There is also the chilling effect that this has on the DOJ, FBI and Intelligence Community in investigating Russia’s ongoing interference in the 2020 election for the benefit of the Trump campaign. There is all the appearances recently of cooperation and coordination between the Trump campaign and Russian intelligence agencies. Is it a Coincidence That Moscow Is Peddling the Same Lies as the Trump Campaign? No.

Because of their highly unethical actions, any announcement of indictments will be tainted as a politically motivated prosecution of Donald Trump’s political “enemies,” i.e., patriotic public servants who were doing their job in the unimaginable circumstance of a presidential candidate who was a traitor to his country.

When Bill Barr does make his announcement, mark your calendars that day as the day that America officially became a banana republic under the rule of a tyrannical wannabe tin pot dictator.
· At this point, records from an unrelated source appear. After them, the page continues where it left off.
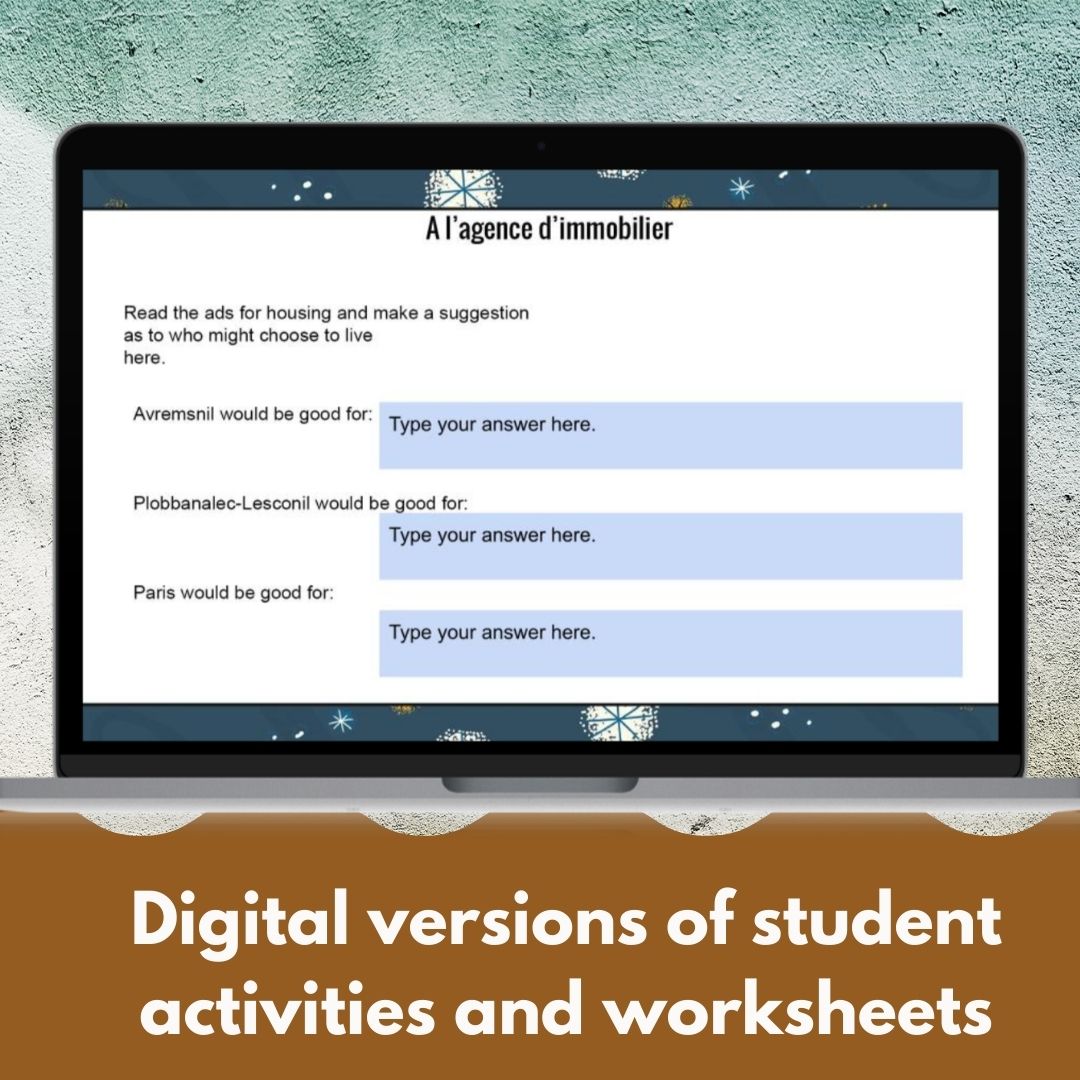 Digital Supplements for unit 8: J'habite ici 3 Digital Supplements for unit 8: J'habite ici - Image 3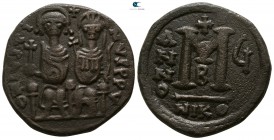 Justin II AD 565-578. Nikomedia. Follis Æ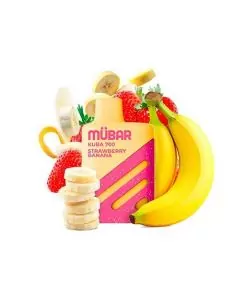 Vaper Desechable Strawberry Banana 700 - Mübar Kuba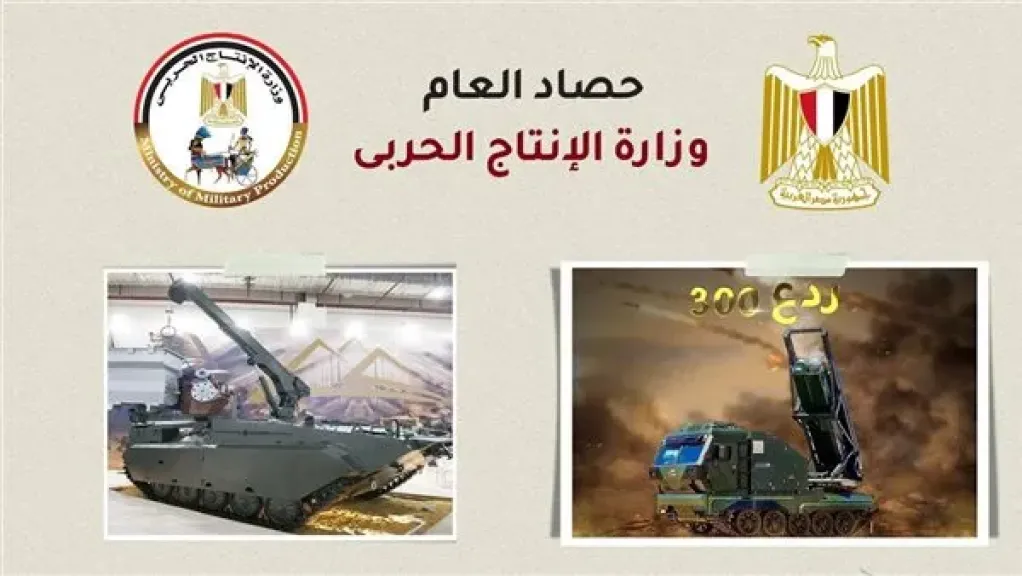 بالإنفوجراف | الإنتاج الحربي في 2025.. حصاد عام من الإنجازات العسكرية والتنموية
1 thought on “Update to ‘Billie belongs behind Barr’s’ October surprise”

  1. Good article and here’s more news that the Justice and Homeland Security Dept. has been politicized. The former head of intelligence and analysis at the Dept. of Homeland Security filed a whistleblower complaint Tuesday, accusing the White House of asking him to hide any information that showed Russian election interference in 2020 and that white nationalists are the largest homeland security threat.
    It’s an old trick by DT-mentor Roy Cohn. Accuse someone else of doing the illegal things you are doing.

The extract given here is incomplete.